The FireHydrant REST API base URL is https://api.firehydrant.io/v1. If your organization uses FireHydrant's EU region, replace api.firehydrant.io with api.eu.firehydrant.io in all endpoint URLs. Common methods are POST for creating resources (incidents, change events, tickets, webhooks, notes), PATCH for partially updating resources (updating incident fields), and DELETE for archiving resources. FireHydrant accepts JSON formatted request bodies. For update and delete operations, include the ID of the resource to be updated or archived at the end of the URL (e.g., https://api.firehydrant.io/v1/incidents/{incident_id}). You do not need to add the Authorization header; it is managed automatically by your FireHydrant credential. For complete API reference documentation, see the FireHydrant API documentation.
Nexla can automatically send the response received from the FireHydrant API after each call to a new Nexla webhook data source. This option allows you to keep track of the status of each API call and any additional information returned after each call—for example, to capture the ID of a newly created incident for use in downstream processing.

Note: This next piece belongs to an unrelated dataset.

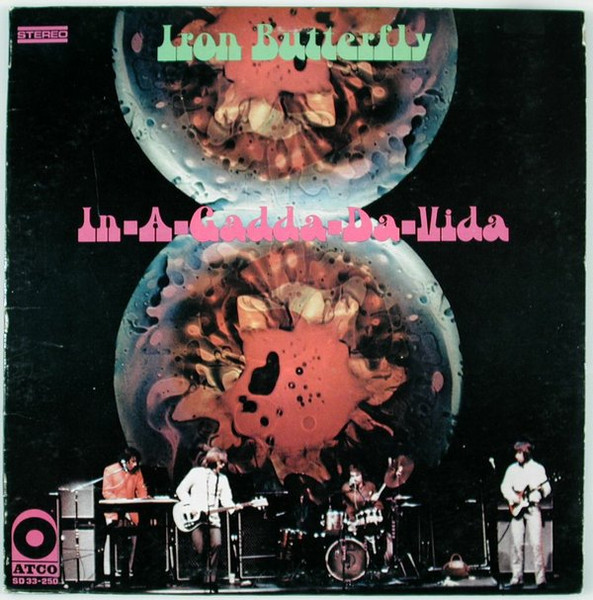 Iron Butterfly - In-A-Gadda-Da-Vida - LP / Vinyl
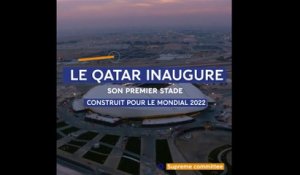 Le Qatar a inauguré ce jeudi son premier stade construit pour le mondial 2022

Once all endpoint settings have been configured, click the Done button in the upper right corner of the screen to save and create the destination. To begin sending data to the configured FireHydrant endpoint, open the destination resource menu, and select Activate.
The Nexset data will not be sent to FireHydrant until the destination is activated. Destinations can be activated immediately or at a later time, providing full control over data movement.